(INSTRUCTIONS TO FOLLOW):
Restate word for word the line with "Building Photo - 1820 Dewey St" and all lines after it; please stop only at the end of the listing below.

(EXTRACTED ENTRIES):
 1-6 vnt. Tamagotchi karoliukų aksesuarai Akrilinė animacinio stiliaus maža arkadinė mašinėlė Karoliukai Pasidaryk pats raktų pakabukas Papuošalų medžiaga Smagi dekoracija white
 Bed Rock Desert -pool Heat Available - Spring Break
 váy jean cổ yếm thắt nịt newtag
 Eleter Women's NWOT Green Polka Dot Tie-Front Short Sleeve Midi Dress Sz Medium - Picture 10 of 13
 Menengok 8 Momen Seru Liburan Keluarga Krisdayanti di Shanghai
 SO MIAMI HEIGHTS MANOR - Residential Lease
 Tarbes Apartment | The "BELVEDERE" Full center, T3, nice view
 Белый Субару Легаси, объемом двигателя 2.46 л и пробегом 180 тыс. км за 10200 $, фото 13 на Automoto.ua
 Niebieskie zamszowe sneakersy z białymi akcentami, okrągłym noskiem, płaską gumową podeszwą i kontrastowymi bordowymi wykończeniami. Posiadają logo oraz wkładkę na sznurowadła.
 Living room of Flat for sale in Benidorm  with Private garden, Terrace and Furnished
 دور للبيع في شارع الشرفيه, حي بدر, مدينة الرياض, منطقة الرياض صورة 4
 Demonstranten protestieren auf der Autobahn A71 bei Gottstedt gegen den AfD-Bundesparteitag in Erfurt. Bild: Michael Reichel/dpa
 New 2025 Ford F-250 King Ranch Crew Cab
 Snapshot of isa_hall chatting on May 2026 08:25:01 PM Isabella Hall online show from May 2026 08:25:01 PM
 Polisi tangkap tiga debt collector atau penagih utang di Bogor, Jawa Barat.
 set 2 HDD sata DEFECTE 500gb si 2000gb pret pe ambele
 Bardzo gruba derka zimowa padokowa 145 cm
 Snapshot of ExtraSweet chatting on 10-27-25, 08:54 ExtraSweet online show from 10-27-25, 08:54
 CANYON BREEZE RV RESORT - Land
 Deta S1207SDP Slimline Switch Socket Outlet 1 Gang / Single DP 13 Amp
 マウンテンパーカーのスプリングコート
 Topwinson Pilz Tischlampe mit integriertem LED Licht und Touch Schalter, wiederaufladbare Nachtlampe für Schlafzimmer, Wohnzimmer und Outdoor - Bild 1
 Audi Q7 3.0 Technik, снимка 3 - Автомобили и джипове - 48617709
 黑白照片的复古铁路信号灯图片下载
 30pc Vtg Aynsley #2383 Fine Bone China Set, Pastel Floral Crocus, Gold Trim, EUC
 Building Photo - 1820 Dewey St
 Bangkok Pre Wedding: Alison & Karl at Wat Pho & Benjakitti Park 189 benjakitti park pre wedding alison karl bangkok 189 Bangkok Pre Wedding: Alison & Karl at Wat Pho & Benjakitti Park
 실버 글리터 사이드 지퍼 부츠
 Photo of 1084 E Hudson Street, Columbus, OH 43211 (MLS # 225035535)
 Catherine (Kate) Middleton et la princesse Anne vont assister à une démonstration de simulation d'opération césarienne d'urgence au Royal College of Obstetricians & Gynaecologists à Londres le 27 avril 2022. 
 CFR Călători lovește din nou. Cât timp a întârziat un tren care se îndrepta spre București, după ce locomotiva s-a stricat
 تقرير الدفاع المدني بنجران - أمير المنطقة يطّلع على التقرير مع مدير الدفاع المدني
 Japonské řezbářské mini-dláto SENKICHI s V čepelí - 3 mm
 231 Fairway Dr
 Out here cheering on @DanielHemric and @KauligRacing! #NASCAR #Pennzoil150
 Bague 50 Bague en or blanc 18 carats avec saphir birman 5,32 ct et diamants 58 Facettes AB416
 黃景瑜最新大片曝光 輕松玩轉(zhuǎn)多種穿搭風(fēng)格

(RESULT OF THE TASK):
 Building Photo - 1820 Dewey St
 Bangkok Pre Wedding: Alison & Karl at Wat Pho & Benjakitti Park 189 benjakitti park pre wedding alison karl bangkok 189 Bangkok Pre Wedding: Alison & Karl at Wat Pho & Benjakitti Park
 실버 글리터 사이드 지퍼 부츠
 Photo of 1084 E Hudson Street, Columbus, OH 43211 (MLS # 225035535)
 Catherine (Kate) Middleton et la princesse Anne vont assister à une démonstration de simulation d'opération césarienne d'urgence au Royal College of Obstetricians & Gynaecologists à Londres le 27 avril 2022. 
 CFR Călători lovește din nou. Cât timp a întârziat un tren care se îndrepta spre București, după ce locomotiva s-a stricat
 تقرير الدفاع المدني بنجران - أمير المنطقة يطّلع على التقرير مع مدير الدفاع المدني
 Japonské řezbářské mini-dláto SENKICHI s V čepelí - 3 mm
 231 Fairway Dr
 Out here cheering on @DanielHemric and @KauligRacing! #NASCAR #Pennzoil150
 Bague 50 Bague en or blanc 18 carats avec saphir birman 5,32 ct et diamants 58 Facettes AB416
 黃景瑜最新大片曝光 輕松玩轉(zhuǎn)多種穿搭風(fēng)格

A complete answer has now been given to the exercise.